Привет, братуха. Ну, как там ангелочки, уже на подходе? Скоро нас, грешных, того - этого? А вы, ведь, чистенькие, небось, останетесь... И каждому по пятьдесят девственниц, не меньше, а? Или мало пятьдесят? Чё молчишь, ослица Валаамова?
Тебе плохо, Саша?
Нет, мне очень хорошо. Ну и натворил же делов ваш боженька, должен я тебе доложить. Хорошо у него это получается - туда - сюда, недельку сам с собой поразговаривал - и на тебе -получите - распишитесь: лучший из всех возможных миров! Хорошо хоть баб и водку оставил, а то совсем бы было невмоготу.

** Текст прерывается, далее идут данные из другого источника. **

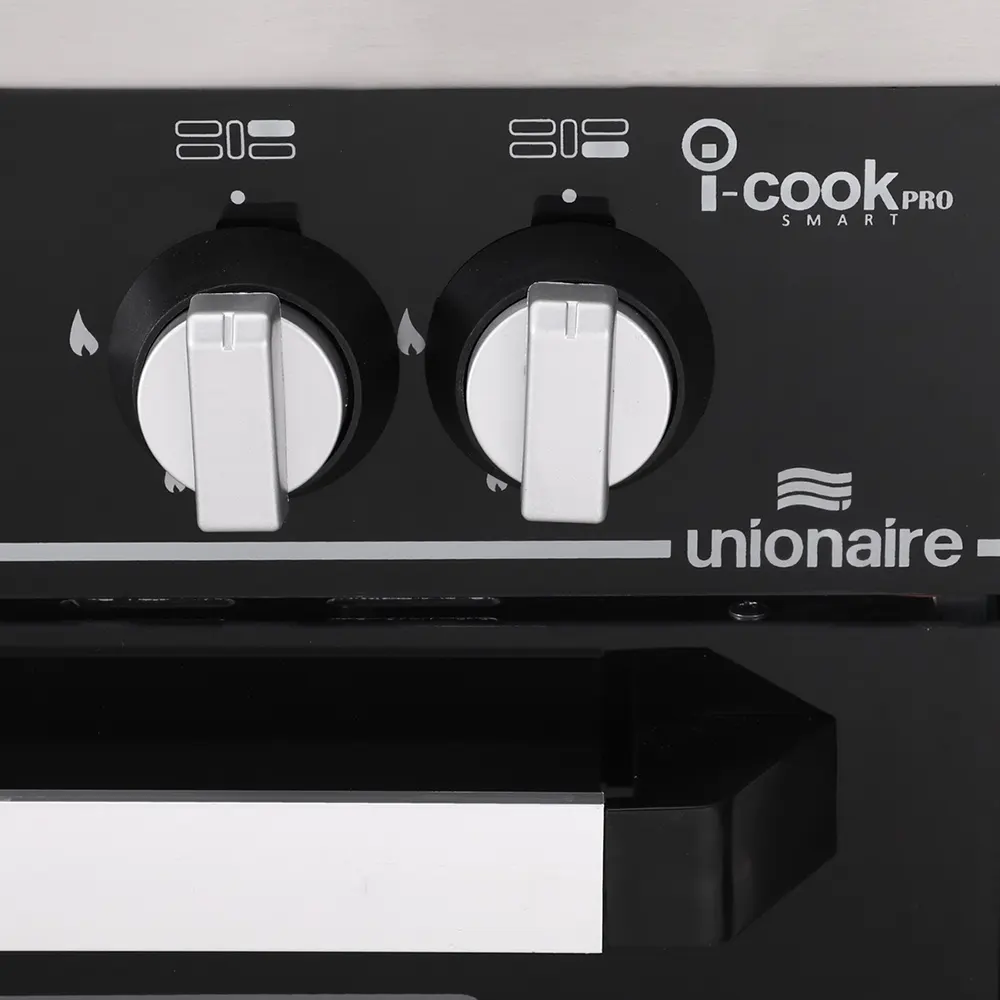 Unionaire i-Cook Pro Plus Smart Cooker, 60 x 90 cm, 5 Burners, Full Safety, Digital Display, Fan, Black x Silver, C69SS.2GC-511-ITSFP-N15-AL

Я слышал, ты пьешь. Я не осуждаю тебя, ты знаешь, просто пойми, Бог допускает зло, чтобы...
Он меня не осуждает... Как это мило! Зовите иконописцев. Прощение кающегося грешника! Давай я лучше тебе расскажу, что слышал я ...
Дальше было совсем жестоко. Противоречия в Библии, ее несоответствие научным и историческим данным и дальше, дальше, с той же ядовитой злобой и сарказмом... «Эх, не туда бьешь, Иван»... Леша мертвел. Он будто бы постарел лет на десять, глаза заволокла непроницаемая пелена. Сначала казалось, что он заплачет. Потом , что накинется на Сашку с кулаками. Но он не сделал ни того, ни другого. Он стиснул зубы, молча развернулся и также молча ушел.

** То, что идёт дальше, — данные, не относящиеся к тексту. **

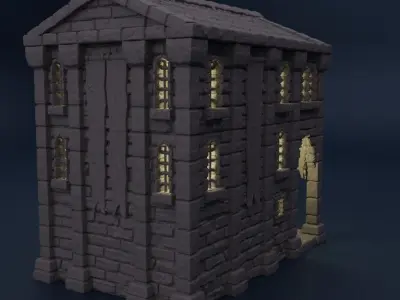 Medieval Bank Tabletop Terrain 28 MM 3D print model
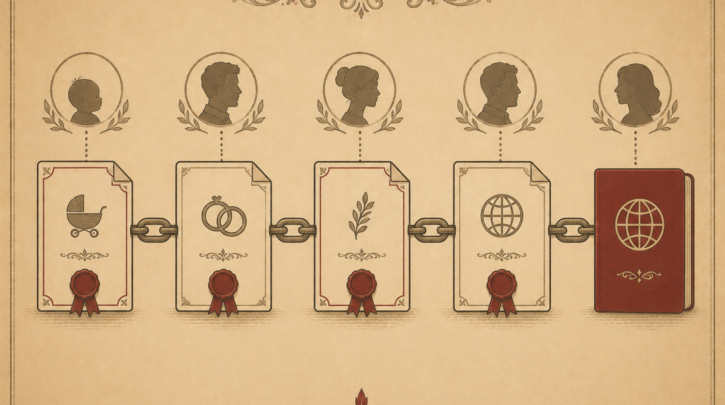 Illustration of a chain of documents representing generations of Hungarian citizenship by descent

«Зря», - звучало в Сашиной голове гулким эхом, но этот вчерашний розговор был, и изменить его было нельзя. «Прости...» тихо прошептал он, когда показался невзрачный Лешин домик. Калитка судорожно заскрипела. На стук в дверь никто не отозвался, хотя она была не заперта. Стало страшно. На кровати в зале лежала Лешина мать, совершенно пьяная. В воздухе стоял ядовитый запах рвоты, вызывавший отчаянное желание не существовать. В комнате Леши беспорядочно валялись книги. Такого никогда не бывало. Он их очень любил. На письменном столе лежала рядом с Библией записка, подписанная «Александру Сычу». Детским неровным почерком там было написано: «Мой дорогой Саша! Я знаю, ты злишься на меня, и ты прав. Я действительно виноват. Простите меня все, пожалуйста. Я обманывал себя и тебя я тоже обманывал, но без этого я не могу. Сердце раскалывается. Ведь всё это - и мама, и я, и ты, и весь этот всеобщий бред и ужас, - всё это совершенно напрасно. Нас никто не услышит, нас слышал только Он, но теперь его не существует... И мы потонем в этой тишине. Я знаю, что не прав, но я не могу не уйти. Мне нечего дать этому миру. Ты сильнее, ты сможешь, в тебя я верю до конца. Прощай»
Записка обжигала руки. Саша выбежал из дома и стал кричать в темноту осеннего неба что-то про «них», которые «еще узнают», и про то, что он совсем один. Звезды безучастно и глупо пятились за тучи. Вся погруженная во тьму Вселенная была равнодушной. И только на Лысой Горе один за другим стали загораться горячие светлячки окон. Это просыпались от своих снов люди.